The ‘this’ that Martin Simpson has been doing for long enough to forget whole towns is performing as a cherished and revered member of the UK’s folk community. Having released his debut album in 1976, he’s since released 19 other solo albums (many of them on Topic Records), two live albums and at least seven collaborative albums. He’s made more session appearances than most people could wave a mic stand at, and he’s twice won the BBC Radio 2 Folk Awards as Artist of the Year. Oh, and it turns out he has played Andover before, probably back in 2008, but the member of the audience who clears that up for him later in the evening can’t properly remember either. Maybe Andover is just one of those places.

Before the gig starts, however, there’s the small matter of a Grizzly Folk interview to get through. So we settle down for lasagna and risotto in one of Andover’s finest establishments, pictures of The Troggs gazing down on us from the walls, and tuck in.

So let’s start with that question shall we? What’s your definition of folk music?

Folk music is music that accompanies a raffle. There’s no better definition of it than that!

Is that your definition, is it? 

Yeah. I’ve been doing this for such a long time, and the folk clubs always revolved a raffle. And sometimes you just felt that it was the most important part of the evening, you know? [Puts on exaggerated Yorkshire accent] “Right, now it’s time for the raffle. Everyone pay attention!”

When was the first time you can remember going to a folk club? Did you go originally as an audience member? 

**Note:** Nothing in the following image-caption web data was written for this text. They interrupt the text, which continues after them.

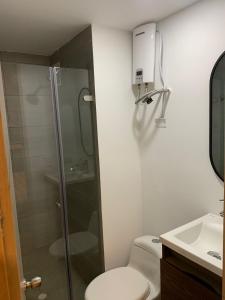 La salle de bains est pourvue d'une douche, de toilettes et d'un lavabo. dans l'établissement Alojamiento tipo LOFT completo en barrio Las Aguas, à Bogotá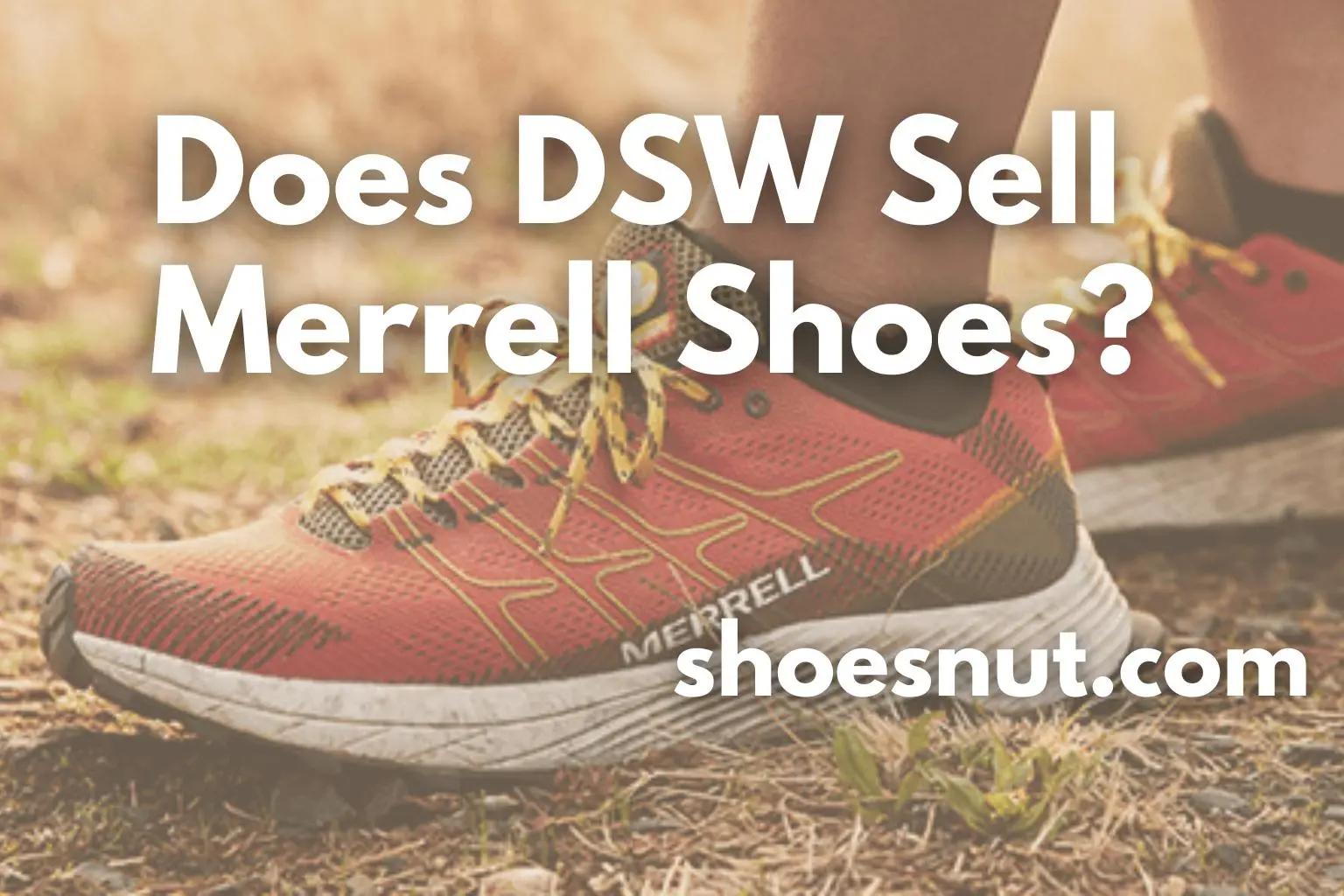 Does DSW Sell Merrell Shoes?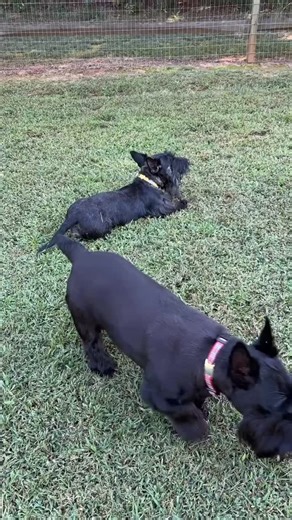 We’ve been BUSY doing Scottie things! 🫶🏼Neiman left Miss Lisa’s house and joined his foster family (not Rudder and Hoppy- a different foster). Well, it was love at first sight and he’s HOME. We couldn’t be happier about the perfect fit. Thunder continues to thrive in foster care. We are working closely with our veterinary team (including dermatology specialists) to clear up a minor infection and simplify his ongoing treatment needs a bit. He’s responding SO well to everything and loves running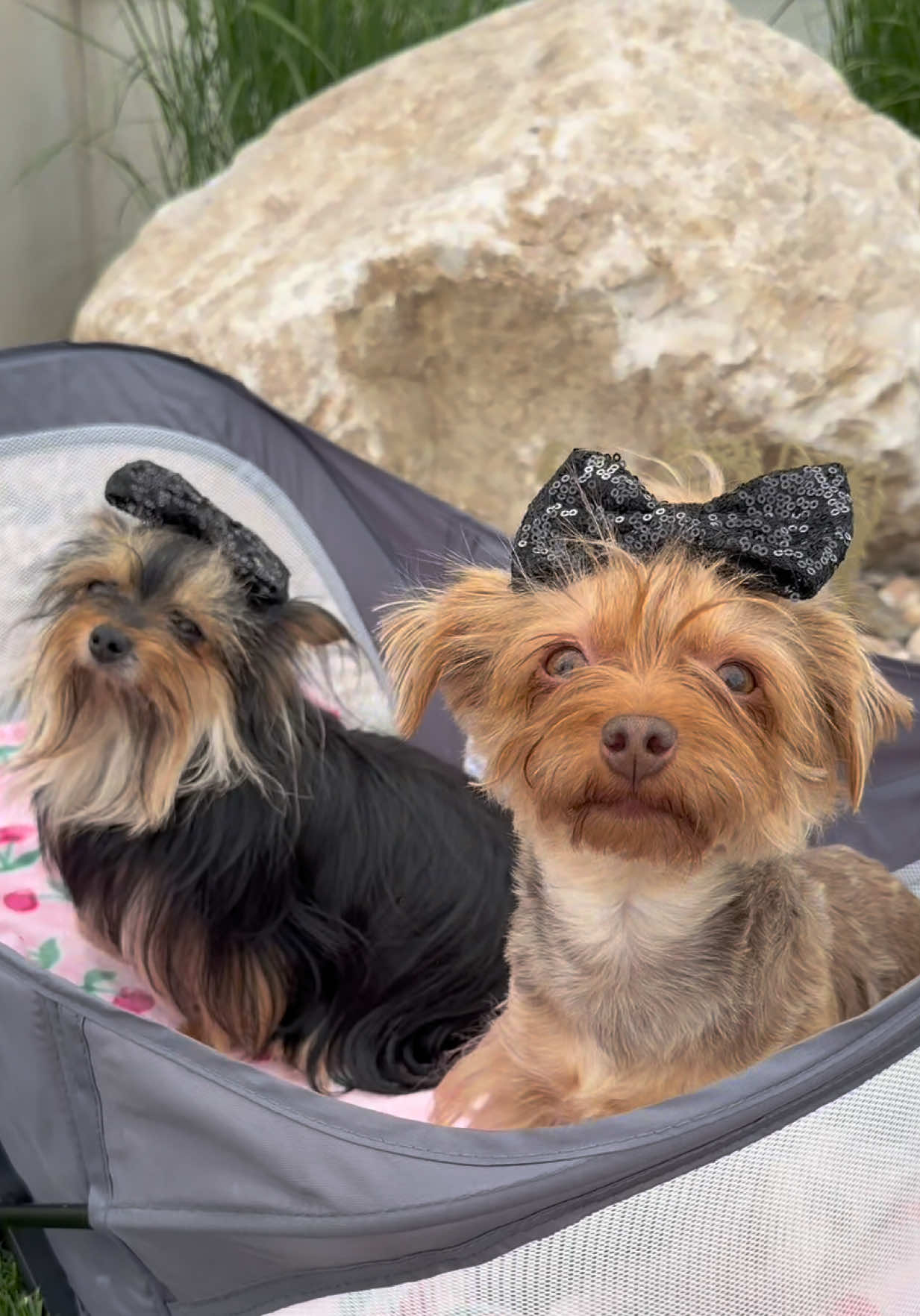 @The Utah Yorkies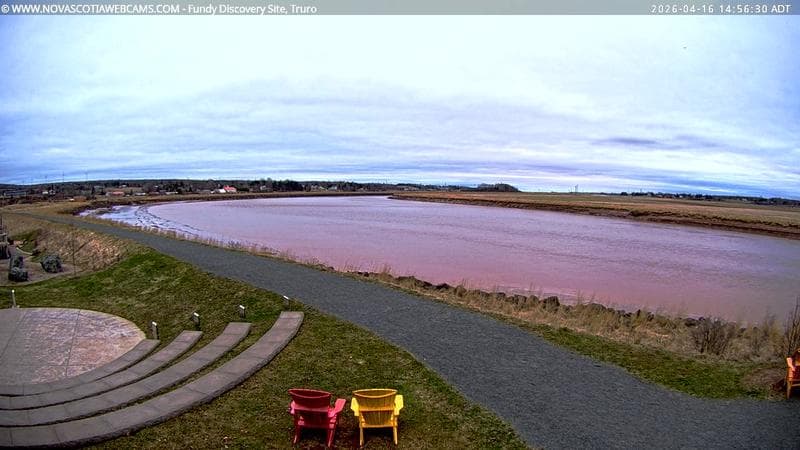 Fundy Discovery Site
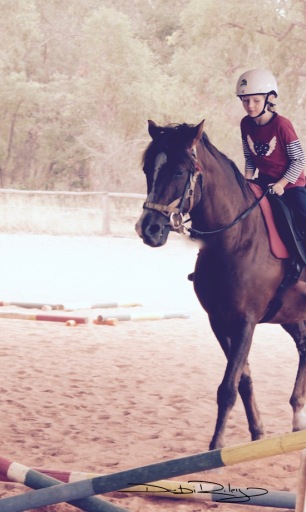 young horse rider, motivated, inspired, debiriley.com 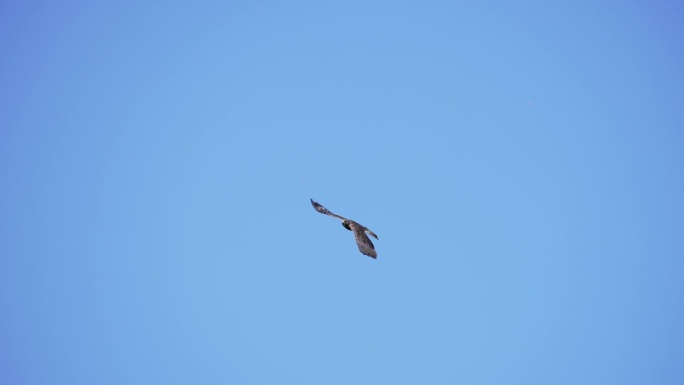 在怀俄明州晴朗的一天，斯温森的鹰在天空中滑翔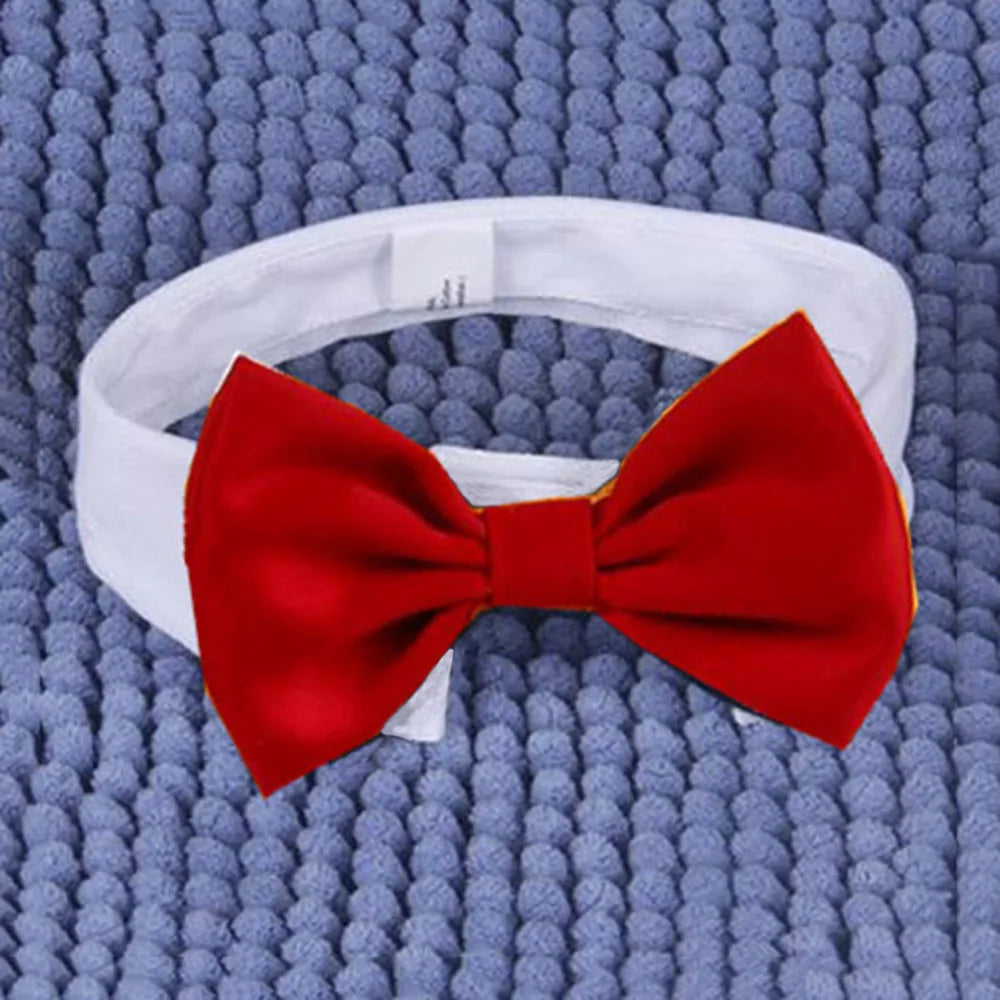 Adjustable Pet Bowtie Collar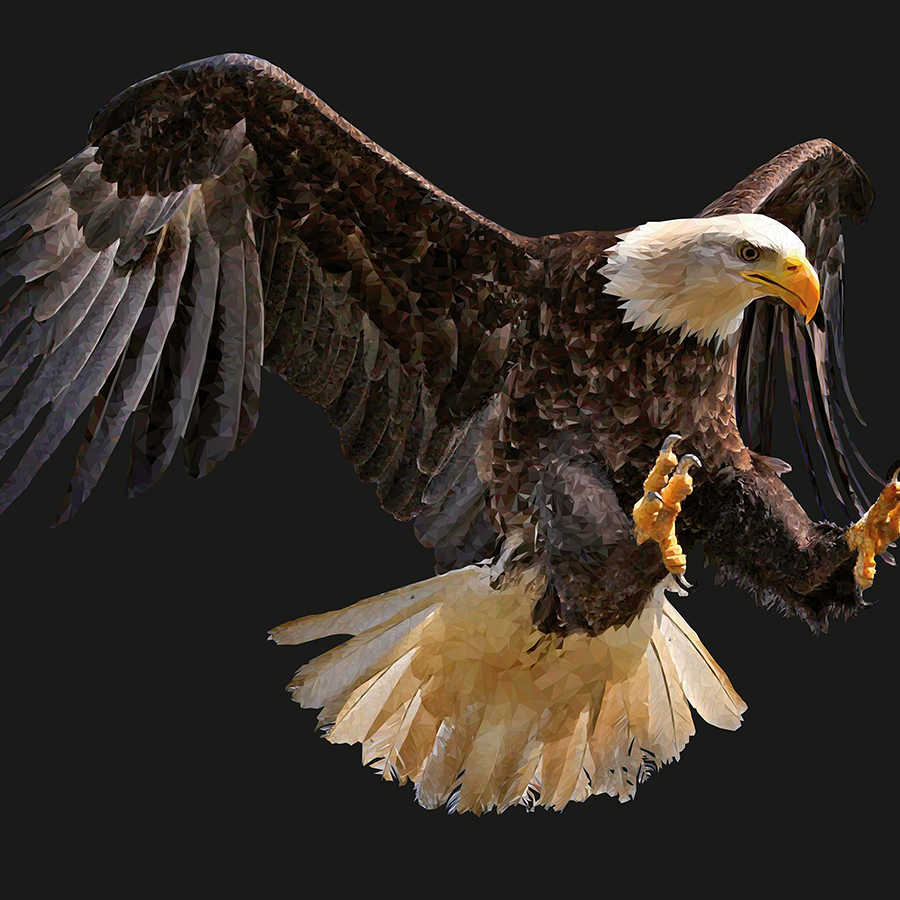 Adler, Eagle, Flugbild, Porträt, Falke
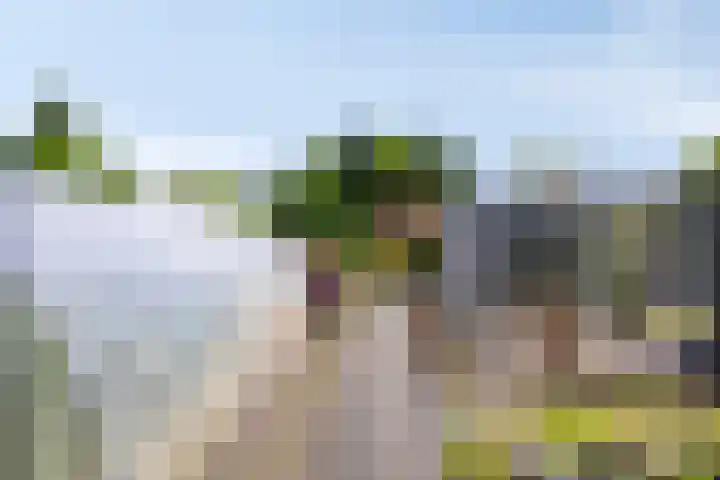 de Krijntjes 35 Rucphen thumbnail 37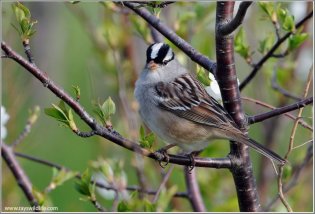 White-crowned Sparrow (Zonotrichia leucophrys) by Ray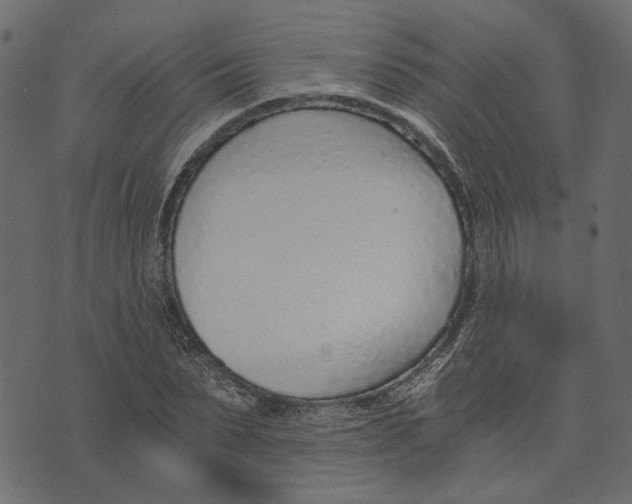 X0000072950879200608181403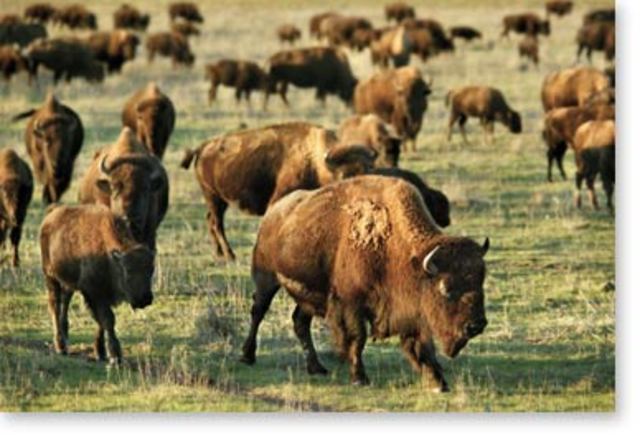Extinction of Buffalo in 1800's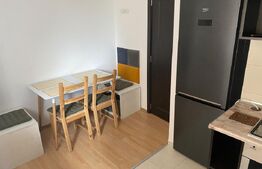 Apartament cu 2 camere decomandat, spatios si luminos in Tatarasi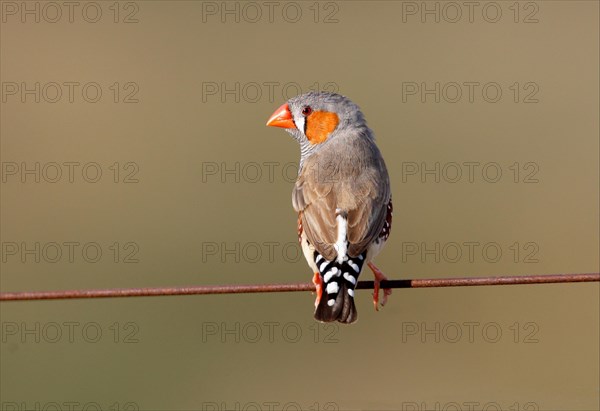 Zebra Finch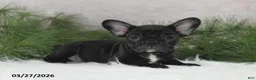 Frenchton dogs for sale: Franci - Ad 8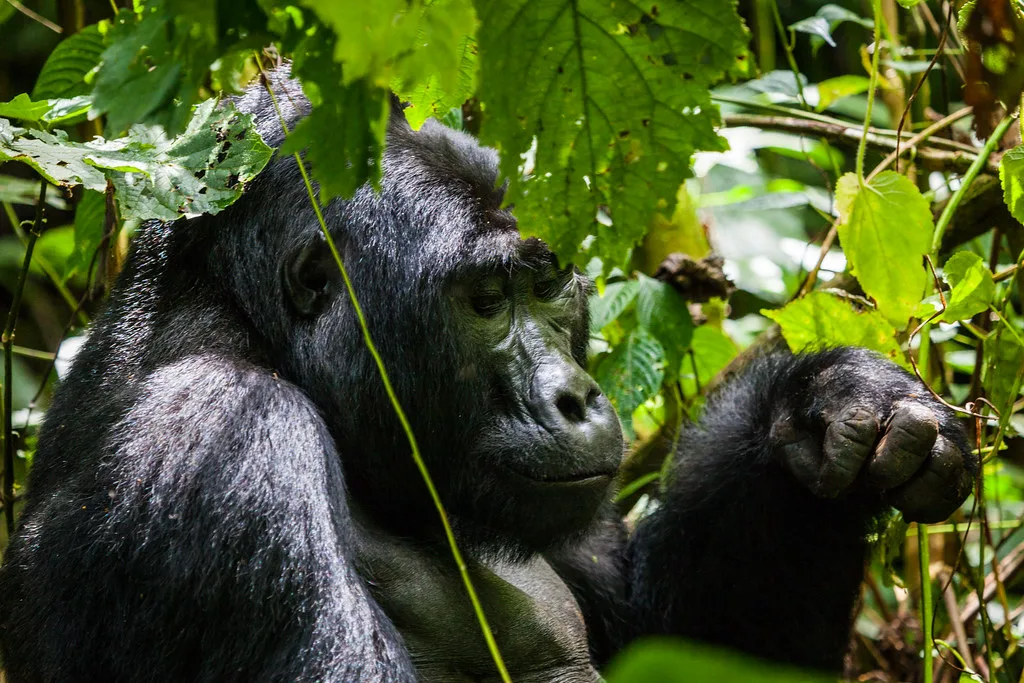 5 days trip to Queen Elizabeth and Bwindi Safari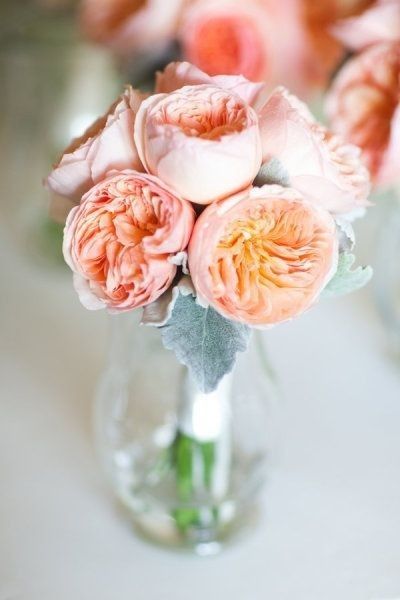  Rdv fleuriste ok 😁😁😁😁 - 2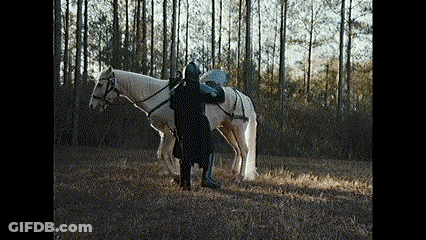 A Man In A Black Coat Is Standing Next To A White Horse In A Field . GIF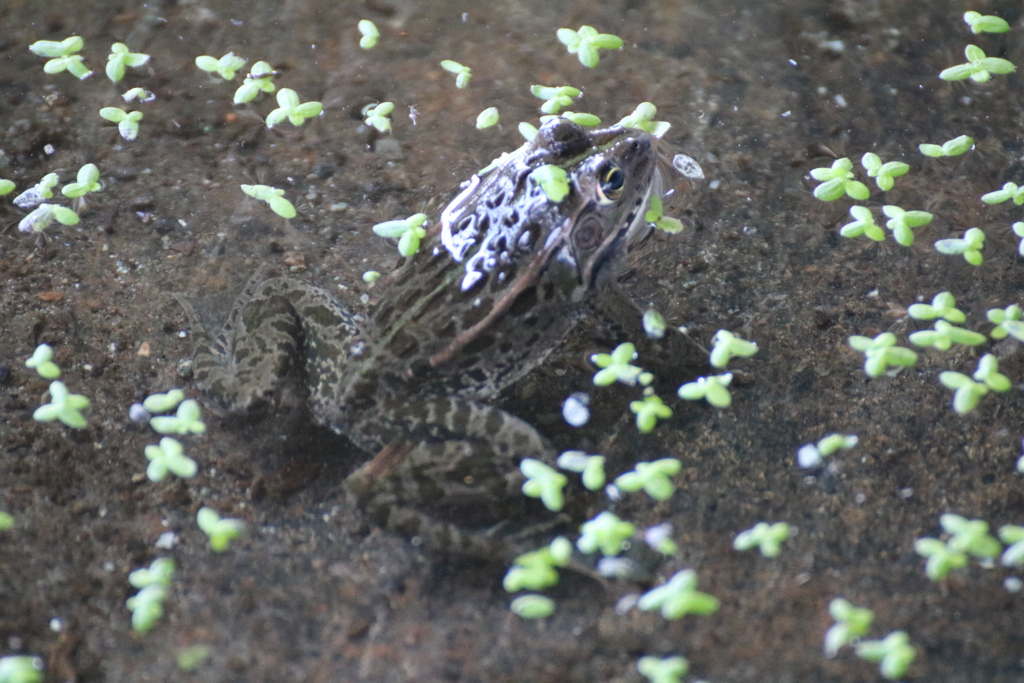 トノサマガエル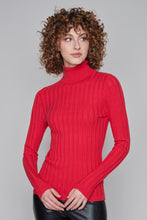 Load image into Gallery viewer, Carre Noir novelty fitted turtleneck
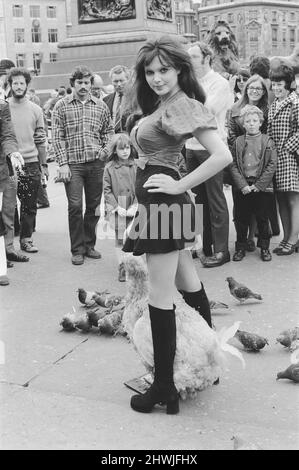 Die Schauspielerin und ehemalige Model Madeline Smith wurde vom Gesetz in Gesellschaft mit einem Dodo in einem Kinderwagen auf dem Trafalgar Square zwangsweise weiterbewegt. Sie wirbt für einen Verkauf seltener, gefüllter Naturkundemuster für einen Freund, der die British Natural History Company leitet. Hier ist sie mit Digby the Dodo auf dem Trafalgar Square abgebildet. 24.. September 1972. *** Ortsüberschrift *** Maddy Smith Stockfoto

Well, I did, but when I look back, fate was very kind to me. I got my guitar when I was 12 – that was 1965, exactly as the folk club boom really rocketed. The Scunthorpe Folk Club started at the Good Companion’s Hut on East Common Lane, which was 300 yards from where I lived. It was on a Tuesday night and I think it was sixpence to get in. It was an unlicensed premises to start with, so I could go from the offset. Yes, I went initially as an audience member but within a year I was one of the floor singers. With hindsight, they were so kind because I was soooo bad. I really was. The learning curve was… well, precipitous, really.

When you say you were a floor singer, were you getting up there with the guitar or with one finger in your ear? 

Yeah, with the guitar, and very shortly after that with the banjo, too.

Was there a set of songs that you had to know to be able to go and play at those clubs? 

It’s fair to say that if you look at folk music, you will see that songs are in and out of fashion, despite the fact that they might be 250 years old. They’ll suddenly be massively in fashion due to someone’s version of them. And in the 60s there were a lot of songs that were hugely fashionable. ‘Anji’, for instance, which you absolutely had to play if you were a half-decent guitar player. Actually, I refused to play it. I was a bit like that. I still am. Although, that said, I did actually play it with Graham Coxon at the Bert Jansch tribute at Celtic Connections, which was really good fun.

He’s an impressive guitarist, isn’t he. 

He’s actually lovely, and he is a very, very good player who has decided he’s going to be a better player. And I love that. I just love the fact that here’s a guy who is just woodshedding all the time. We chat from time to time, you know: “Whatcha doing?” “Woodshedding.” Haha. “Teaching myself to play.” I think that’s brilliant.

Without wanting to sound too cynical, I guess he’s made the money to be able to woodshed all the time. 

Yeah, he really has, but it’s what you should be doing anyway, isn’t it? Whether or not you’ve made the money, I’ve always felt really strongly that you’re actually supposed to get better – you’re actually supposed to push it, you know?

I suppose I was coming of age when Britpop was happening. He was like a god to me and my friends. He made such fascinating sounds out of a plank of wood with strings. But it was through Graham talking about people like Bert Jansch that a lot of us came to folk music. 

That’s brilliant. I love that. I really enjoyed meeting Graham Coxon and Bernard Butler and those guys. Hanging out with Ben Watt, who is utterly delightful… Great singers and lovely players.

Do you find that each generation is attracted to folk music for the same reasons? 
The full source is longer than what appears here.